For more than a week in 2009, Gastonia resident Mark Stamey says he shared motel rooms and a haze of drug use with a man he barely knew. That man, he later learned, was Patrick Burris, the suspect police would eventually link to a string of shootings that left five people dead in Cherokee County, South Carolina.

Stamey says Burris stayed with him and his sister while the group used drugs, crashing at a Best Western and other spots. He recalls being the one who opened the door to officers at that Best Western room where Burris was ultimately found, just before a confrontation with police that ended with Burris dead.
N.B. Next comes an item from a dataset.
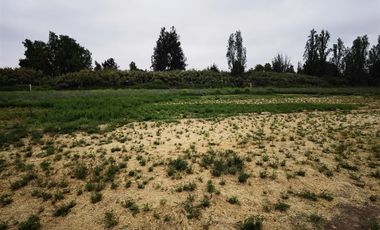 Parcela en Venta en Chacra La Primavera Lampa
Investigators later said ballistics tied the gun used in that shootout to several of the Gaffney-area killings.

In an interview with WSOC, Stamey said he met Burris through a drug dealer and never really knew where the man went when he would disappear for hours or even days at a time. Investigators now believe those gaps may have been trips back and forth to Cherokee County in the middle of the killing spree.

Stamey told the station that Burris once warned him, "One day you are going to have a story to tell," a line that did not land until after Burris had been named as the suspected shooter. "I never dreamed I would be around anyone like that," Stamey said. He added that he has since gotten clean, started his own business and credits his faith with keeping him alive long enough to change his life.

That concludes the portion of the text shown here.